Diario de Mallorca

Diario de Mallorca

Contenido exclusivo para suscriptores digitales

Juan Lagardera

Torrente se ha vuelto antirracista

Muchos clubes de Europa han tenido que disolver sus grupos de animación juvenil

por el caldo de cultivo parafascista de los mismos

Ilustración: Torrente se ha vuelto antirracista. DM

La reconocida filósofa moral Adela Cortina señalaba hace pocas semanas en una larga entrevista que el cerebro humano es xenófobo por naturaleza, y que es la educación («la civilización») lo que limita y reconduce nuestras malas emociones respecto de los otros: por racismo, homofobia, machismo, clasismo… por nacionalismo incluso. Y por tribalismo, desde luego. Esta idea es la más común en la actualidad dentro de la psicología social. Pero no está tan claro.

En cualquier caso, todos hemos dado por bueno este pensamiento humanista que pacifica la convivencia, hegemónico en las últimas décadas, que construye aquello que hemos venido en llamar lo «políticamente correcto», fruto de un consenso universal que hunde sus raíces en la moralidad religiosa, la ilustración y el utopismo milenarista. Ese consenso se ha quebrado más recientemente mediante una sucesión de rupturas políticas que no se veían desde los tiempos revolucionarios europeos, dado que los movimientos migratorios y la globalización han devuelto el conflicto ético a las sociedades contemporáneas.
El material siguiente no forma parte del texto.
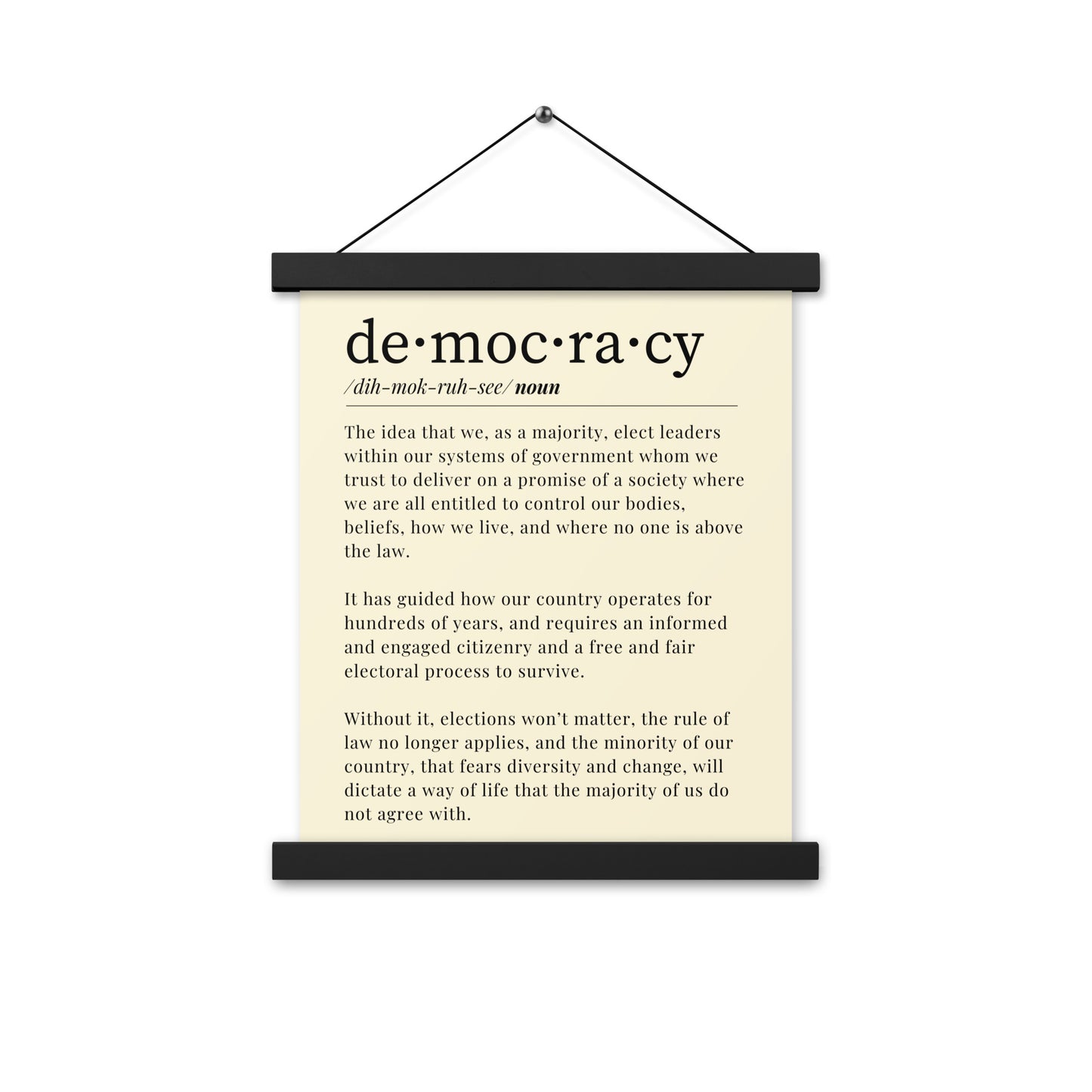 Democracy Poster, Hanging 11" x 14" Poster, Beige and Black, Democracy Definition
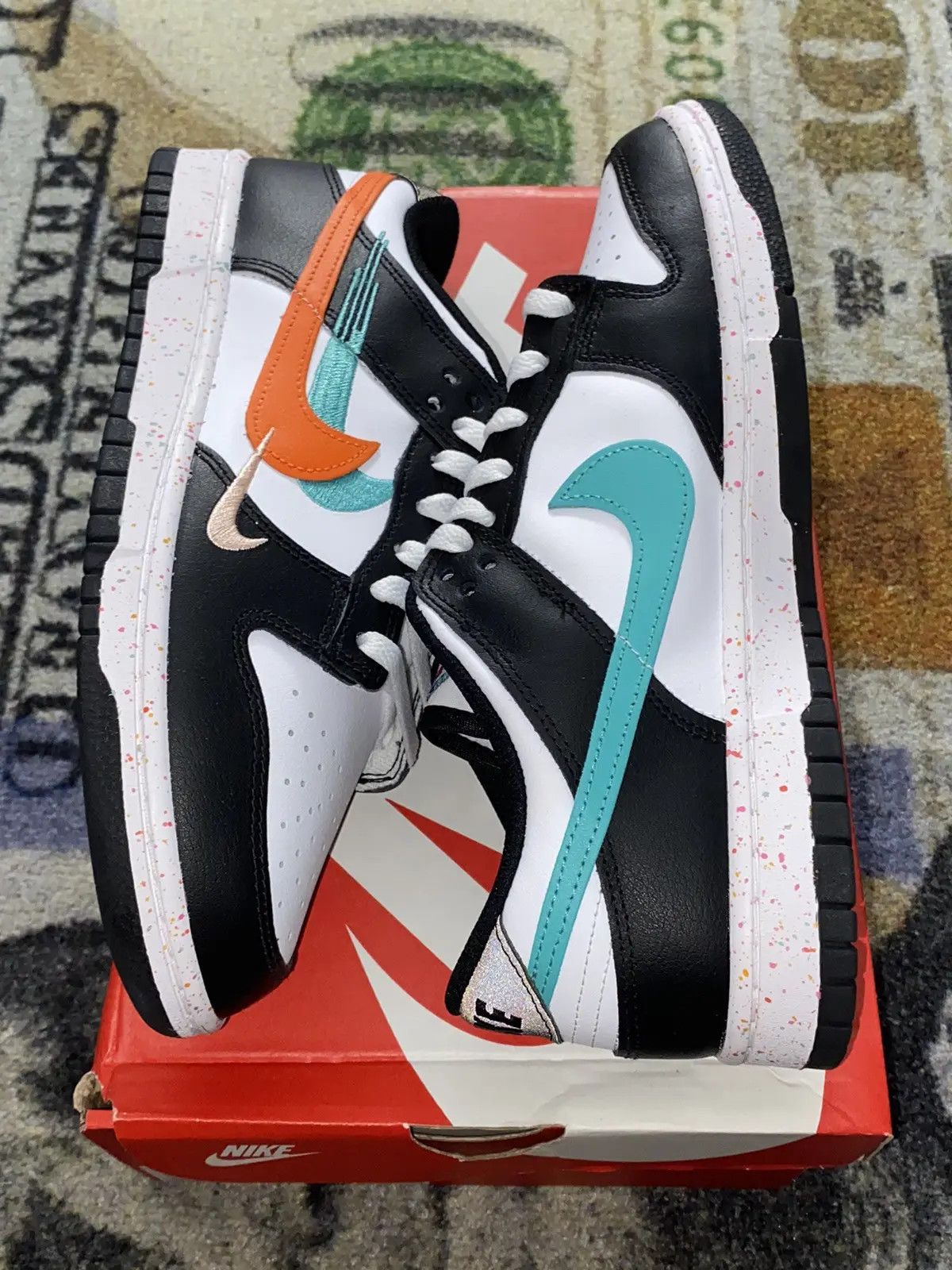 Nike Nike Dunk Low Multiple Swooshes White Washed Teal Size US 10.5 / IT 40.5 - 2 Thumbnail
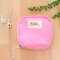 Candy Colors Cotton Linen Cosmetic Bag Zipper Organizer Bags Portable Storage Container - Red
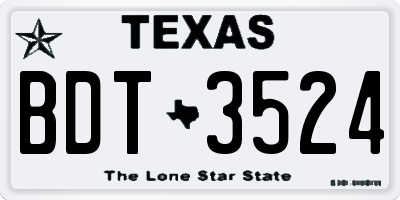 TX license plate BDT3524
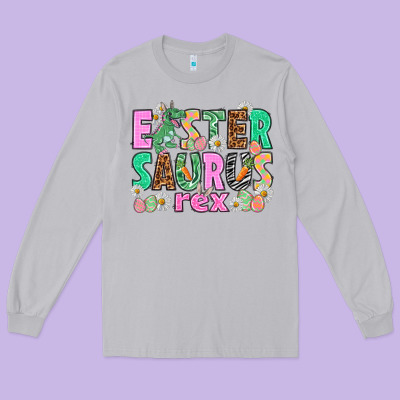 Easter Saurus Nurse Easter Day Long Sleeve Tee Designed By Howdyjamesfarm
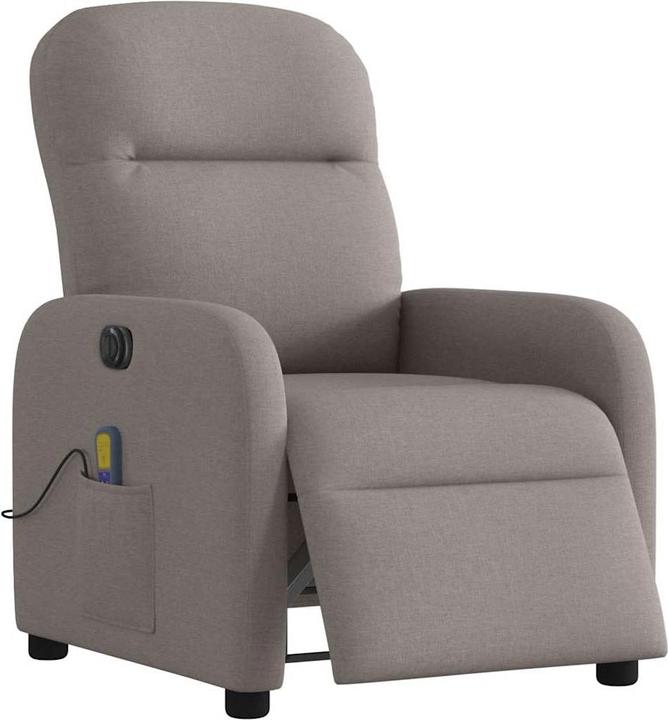 Actual product image VidaXL Massage chair electric taupe fabric
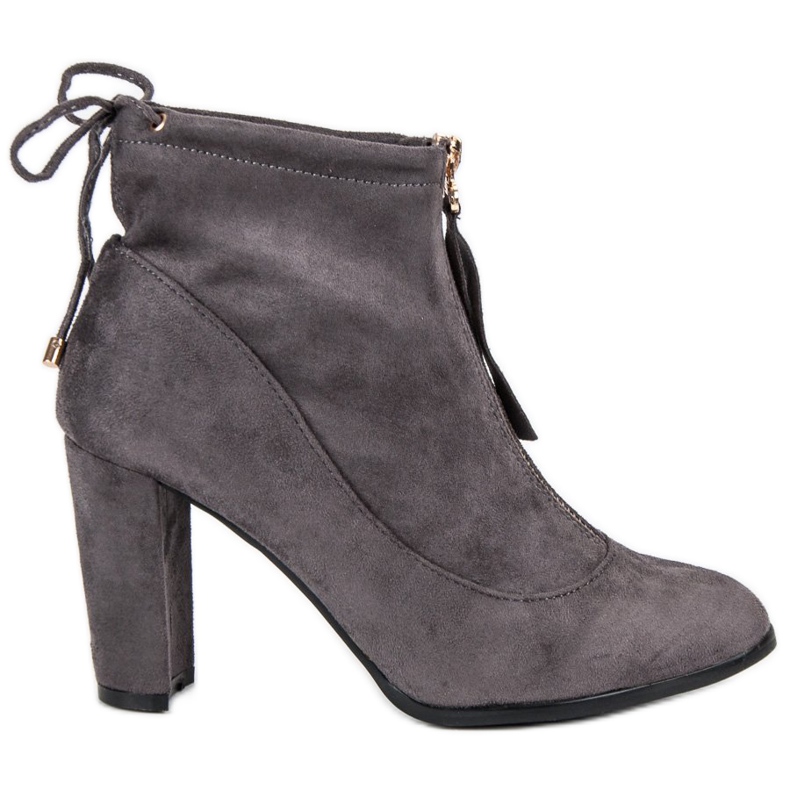 Mannika Bottes en daim élégantes gris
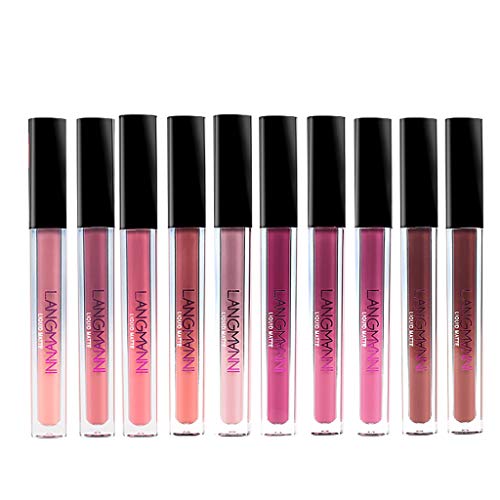 12PCs Perfilador De Labios + Líquido De Labios Brillante para Maquillaje De Belleza Barra De Labios Sets De Pintalabios Permanente para Boda, Citas y Club, Glossy Charm Duradero Lápiz Labial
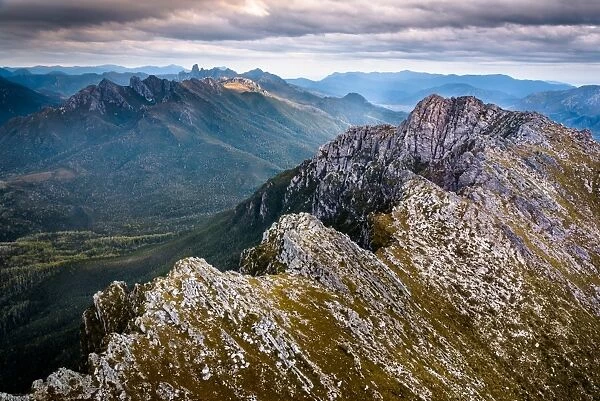 Aerial view to Federation Peak and Eastern Arthurs Range over West Portal in Southwest Tasmania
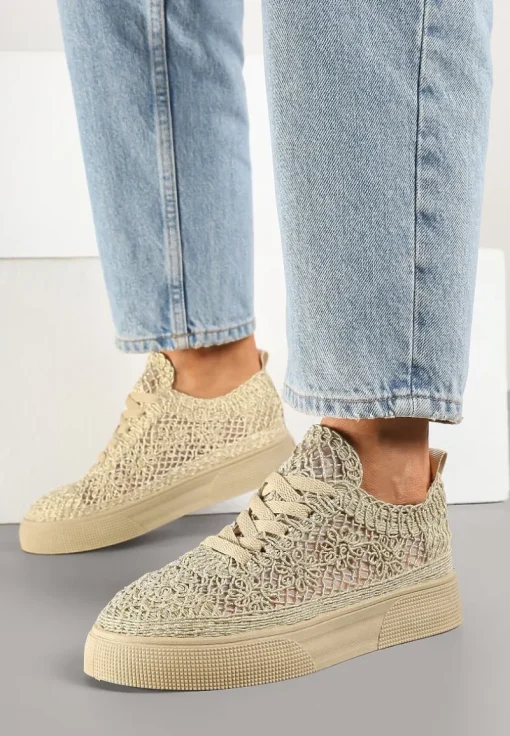 Złote Sneakersy z Ażurowej Koronki na Grubej Podeszwie Nanessia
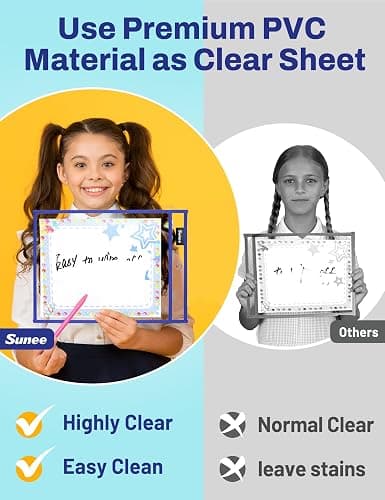 SUNEE 6 Packs Oversized Reusable Dry Erase Pocket Sleeves with Binder Ring, 6 Assorted Colors 10x14 Ticket Holders, Clear Plastic Sheet Protectors, Teacher School Classroom Supplies thumbnail 5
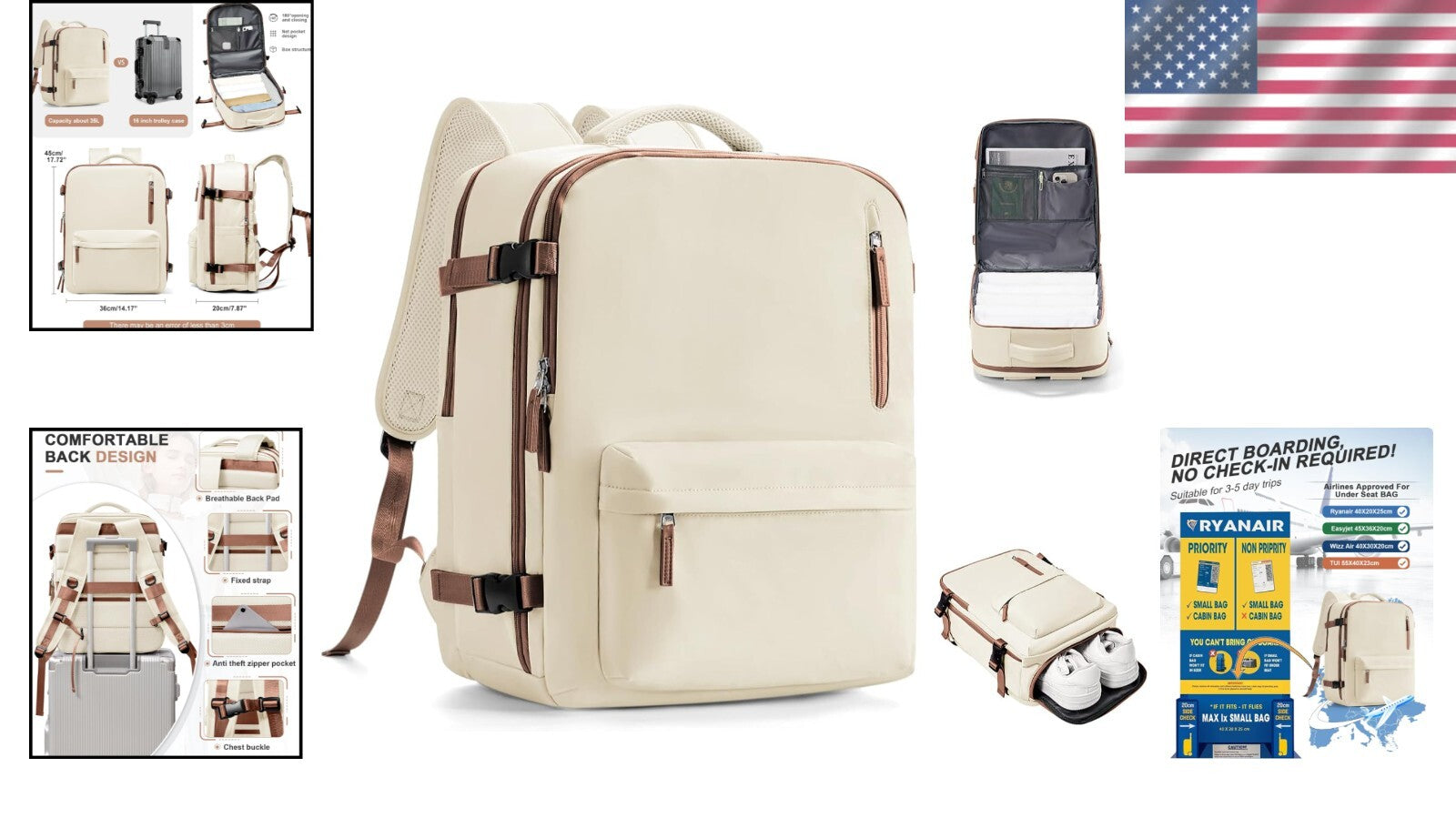 Multi-Functional 40L Backpack for Travel - Laptop Holder & Shoe Compartment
El populismo hunde sus reacciones aquí, así como todos los principios neoconservadores norteamericanos, del tea party a la generación woke, cuyo objetivo es combatir al progresismo en su campo favorito, el intelectual. Fue el ínclito maestro de periodistas Tom Wolfe quien puso en solfa los excesos idealistas, particularmente el antirracismo, en su divertida novela La hoguera de las vanidades (1987), en la que a raíz de un accidente (un rico blanco atropella y magulla a un negro pobre del Bronx) desnuda la imbecilidad vital de la clase adinerada (wasp: blanco, anglosajón y protestante, además de rico) y las torticeras manipulaciones de los agitadores profesionalizados por el blackpower. Habían transcurrido apenas veinte años desde los gestos de los atletas negros en las Olimpiadas de México (1968): John Carlos y otros levantando el puño con un guante negro durante la entrega de medallas.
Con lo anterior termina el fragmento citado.